The course is looking good at the moment with lots of definition everywhere and the rough as you may have noticed has kicked in and started to grow.
As a standard, we monitor soil temperatures at the end of our spring period and also at the end of the summer period this is for 2 reasons: it gives us a guide of when the Bermuda grass starts to grow and also inversely at the end of the season when the temperature drops and the Bermuda grass starts to go dormant, this soil temperature varies not only locally but all along the coast as well. To give you the standard guide lines we work to, is that Bermuda grass only starts to grow strongly when the soil temperature reaches around 22 degrees, other than that it stays dormant and either light green or brown in color.

This is why at this time of year you may have a garden that is sheltered and south facing and your Bermuda grass is growing green and beautiful but round the back of your house in the shade you have brown patchy grass which you believe your gardener isn’t watering or looking after, it’s not the case it’s the temperature of the soil and lack of sun. This also applies on the Costa del Sol where we are often compared to the courses from Marbella to Malaga but that area on average is 2 degrees warmer than we are in the straits of Gibraltar. Just as reference at the moment the soil temperature is only 16.9 degrees due to the slightly colder spring but by the second week of May this will have increased to the 22 degrees required and summer for the course will have officially arrived.

The Old Course reform is building momentum with meetings on the course and off it with the tendering company’s , they are now in the preliminary stages of putting forward initial costings and the schedules of work they intend to implements, we as always will keep you up dated on any significant decisions as we progress.

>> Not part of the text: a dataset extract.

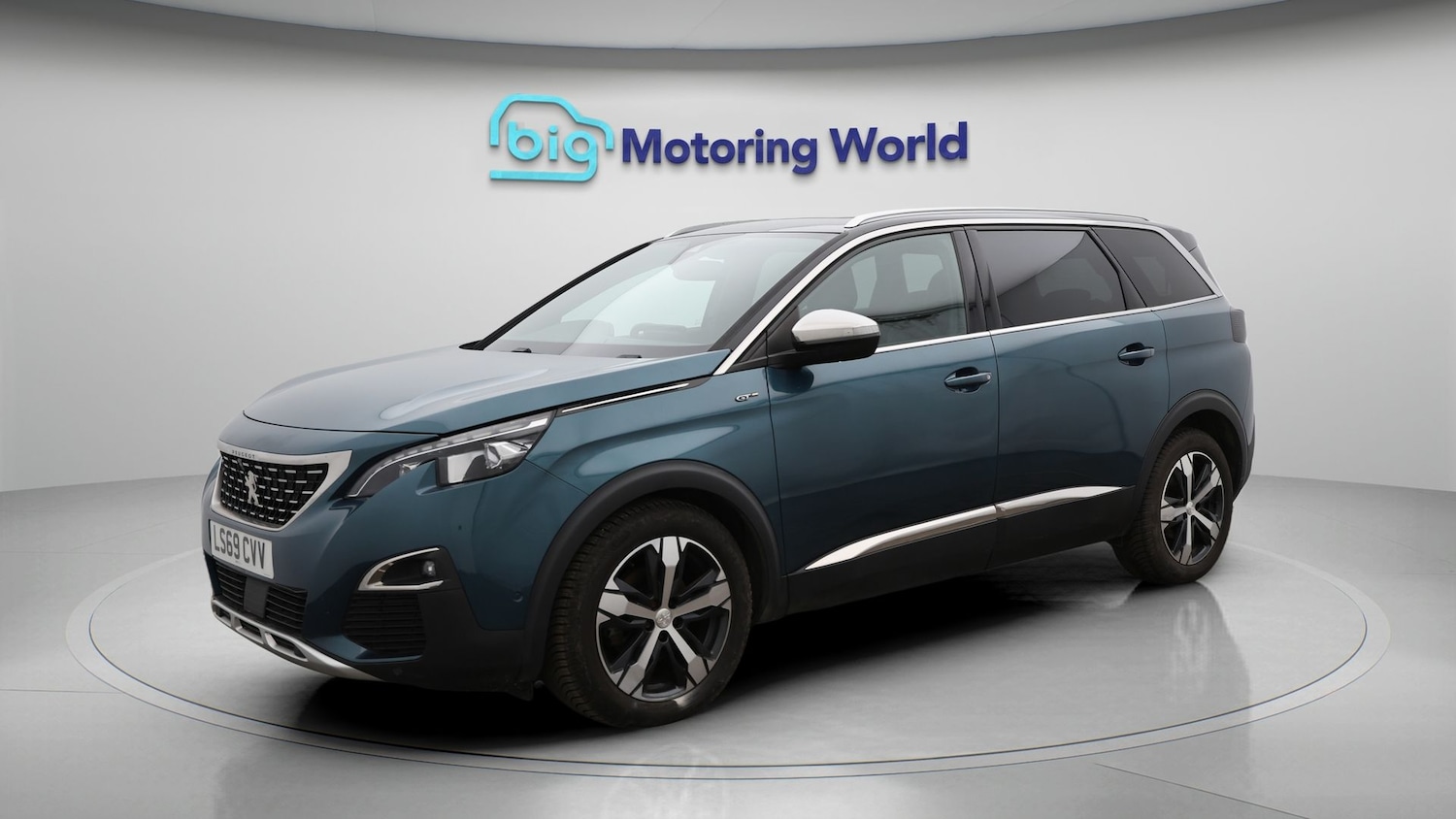 Used Peugeot 5008 2019 for sale - 77349981: Photo 3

Update on the ongoing work on the golf course.

The initial investments at present on the course is concerning infrastructure and a lot of work happening you may not see but as of next week repair work will start on our maintenance area which involved a whole modernization of the area to meet new laws and standards.

Firstly we are removing the old parking shelters at the side of the building, cleaning the roof tiles of debris and leaves and then repairing and painting the whole building, inside we are leveling the main patio area as this has become worn and different level over the last 30 years and revamping the mechanics workshop with new lifting equipment and workshop machines. Then we will look to rearrange the storage areas to make better use of the space we have and then relevel the parking area.

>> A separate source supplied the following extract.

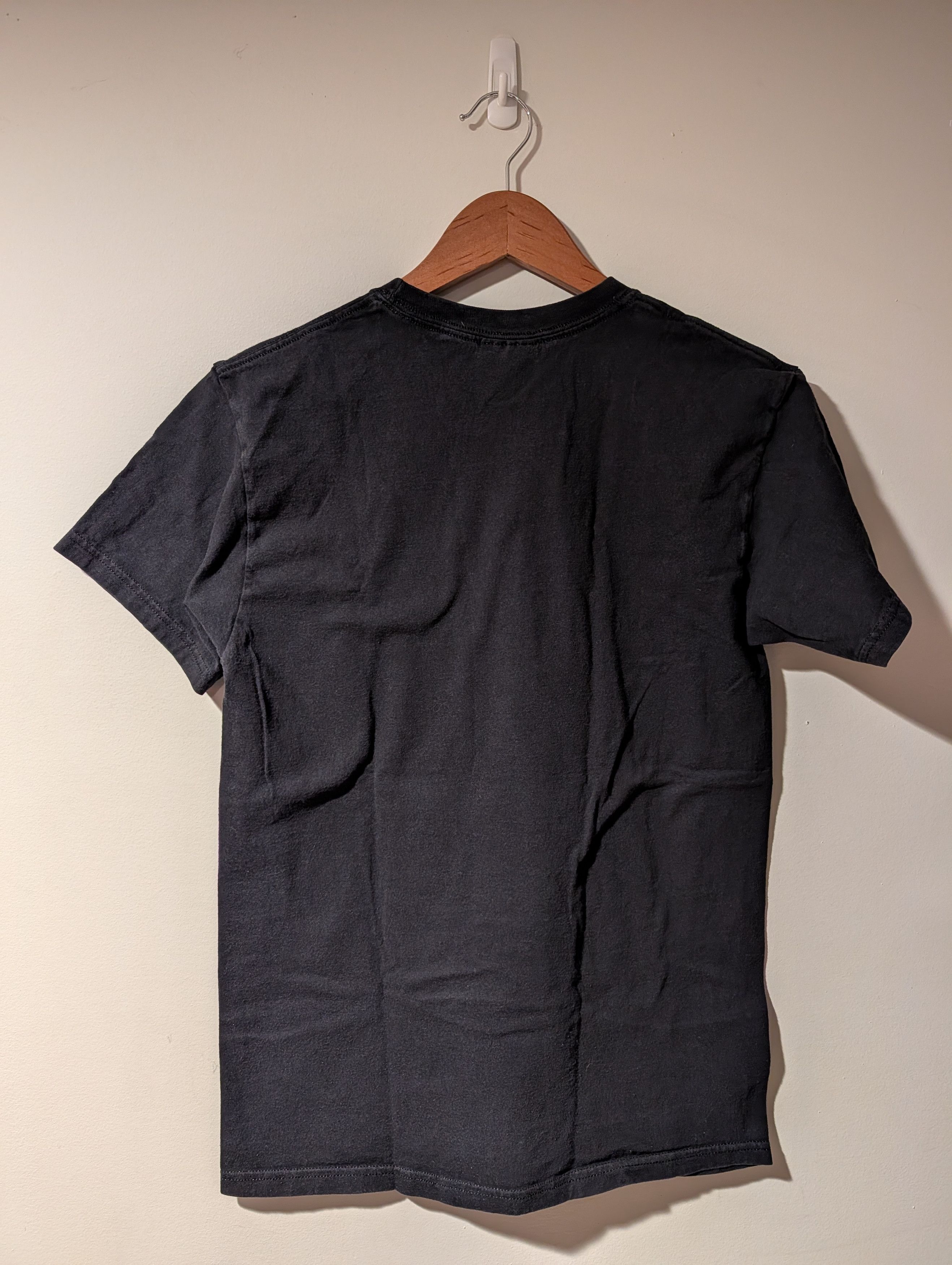 Arts & Science Vtg Hanes Mona Lisa Master the Art of Reading Art Tee Size US S / EU 44-46 / 1 - 4 Thumbnail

On the course we have been given the go ahead to fence in areas were the wild boars are entering and causing damage to the course, as you can understand this will not be an ordinary fence, it will have special features included to prevent the boars entering, and will be a mammoth task consisting of over 2.4 km of fence running from the tee boxes on the 3rd hole all the way to the back of the green on the 5th. This will keep the boar in the corridor ecologico which runs down the side of the 4th and 5th holes, this is the main corridor for wild animals to be able to pass through the middle of Sotogrande to reach the coast and back. Also we will install the fence from the 13th tee box all the way to the 15th green on the other side of the golf course; this will stop access for the boars from the PARQUE NATURAL DE LOS ALCORNOCALES which runs along the side of the course and hopefully stop our friendly cow (and it is a cow not a bull) grazing on the 15th tee box in the future.

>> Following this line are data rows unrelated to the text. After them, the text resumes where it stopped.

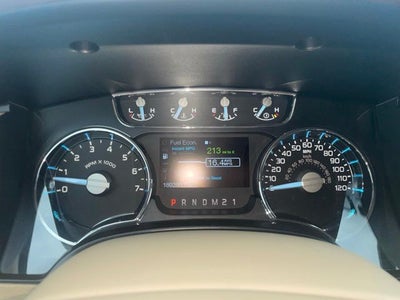 2011 Ford F-150 King Ranch
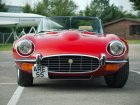 Jaguar E-type Convertible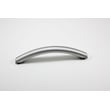 Microwave Door Handle for Samsung SMH9187ST/XAA - Part DE64-02224A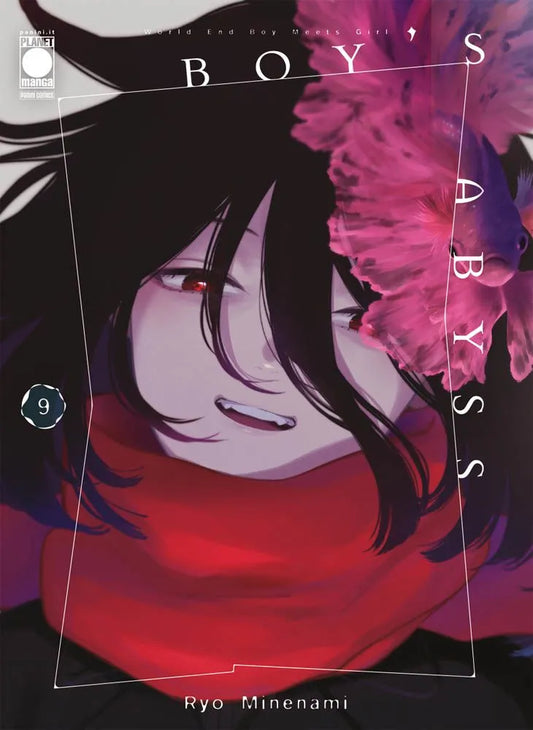 Boy's Abyss 09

Other things of note are gates will be installed on the crossings between the 12th green and the 13th tee box and the 15th green and the 16th tee box. This is mainly to stop non-member buggies from entering the course and causing any damage but also for their own safety as many have no lights and could easily enter a lake or a bunker late at night and never be discovered till the next day.

On the course you will see our little changes in presentation we are installing with new flags cups and pins and also when we change the holes we are painting the holes white for better vison and presentation, although when it rains we may need to paint then the next day as one of my staff found out last week he returned to the workshop with more paint on himself than on the holes.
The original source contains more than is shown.